# [Exercise brief]
Of all the entries below, only the lines from the one with "ELVA Bye-bye knots" up to and including the one with "BRINCH Laptop Bag" are to be duplicated exactly.

# [Data provided]
* * *

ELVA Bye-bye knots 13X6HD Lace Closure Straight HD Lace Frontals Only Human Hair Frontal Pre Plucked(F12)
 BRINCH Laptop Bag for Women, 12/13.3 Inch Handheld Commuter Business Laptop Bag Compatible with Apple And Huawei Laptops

* * *

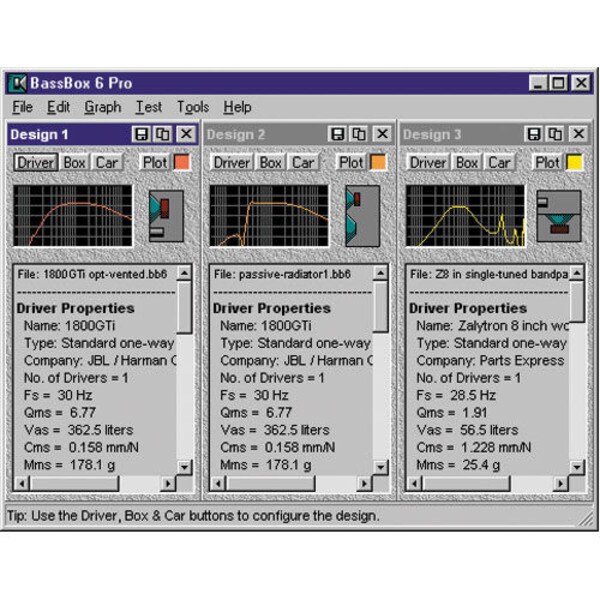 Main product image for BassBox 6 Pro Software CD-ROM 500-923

* * *

# [Output below]
ELVA Bye-bye knots 13X6HD Lace Closure Straight HD Lace Frontals Only Human Hair Frontal Pre Plucked(F12)
 BRINCH Laptop Bag for Women, 12/13.3 Inch Handheld Commuter Business Laptop Bag Compatible with Apple And Huawei Laptops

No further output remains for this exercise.